Residents of Bengaluru were in for a shock on Friday after they found tens of thousands of dead snails shored up around Kudlu Dodda Kere swimming lake in the city.

One of many such lakes, the 40-acre big Kudlu Dodda Kere is managed by an NGO called 'United Way Bengaluru' since 2017 and is located near Parappana Agrahara Central Prison. The death of the snails en masse is being blamed on the excessive inflow of sewage from the jail that has allegedly been entering the lake, causing a shortage of oxygen and thus forcing the fish to literally gasp to death underwater.

As per a report in the Times of India, local residents who frequent the area for morning walks etc claim that sewage is the main culprit behind the mass snail deaths.

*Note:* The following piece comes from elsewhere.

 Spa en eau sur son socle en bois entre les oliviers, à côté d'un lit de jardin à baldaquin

A sewage pipe from the lake is reportedly connected to the lake and has been causing pollution in the water body, which consists of a lake bund, and a walking track surrounded by trees and benches.

While fish have previously turned up dead in the lake before, this type of mass snail death is unusual and caused by excessive raw and untreated sewage being dumped into the lake.

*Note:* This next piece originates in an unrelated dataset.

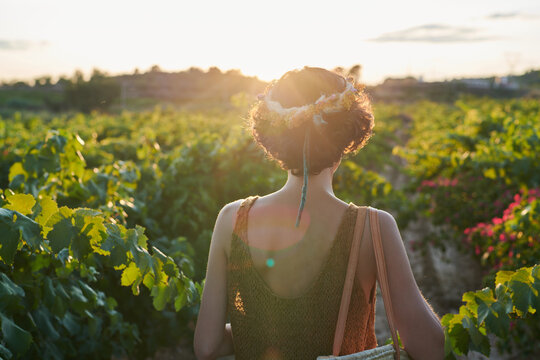 Brunette watching sunset in countryside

This is not the first time that the sewage flow of the Parappana Agrahara Central Prison has made it to the headlines. In 2017, when the BS Yediyurappa government started to crack down on industries for restricting their effluent flow into local water bodies and lakes, The Economic Times reported that nearly all the sewage from the prison - home to 5,000 odd inmates and staff - was flowing into the local 16-acre Parappana Agrahara lake. This lake is linked to a series of lakes such as Kudlu Dodda Kere.

The Karnataka State Pollution Control Board (KSPCB) has reportedly sent three notices to the Public Works Department as well as prison authorities to divert the sewage flow by constructing a sewage treatment plant. The last was sent in 2018. All three notices have so far been ignored. The prison currently has just one septic tank for all its waste production.

Management and conservation of water bodies is an often neglected aspect of public works and a huge cause for concern, not just for environmentalists but also animal welfare activists.

Dumping untreated sewage into water bodies and not taking proper measures to maintain them causes excessive sewage pollution and algal blooms in water bodies, causing eutrophication which prevents sunlight from entering the bottom of the body and reach marine flora and fauna.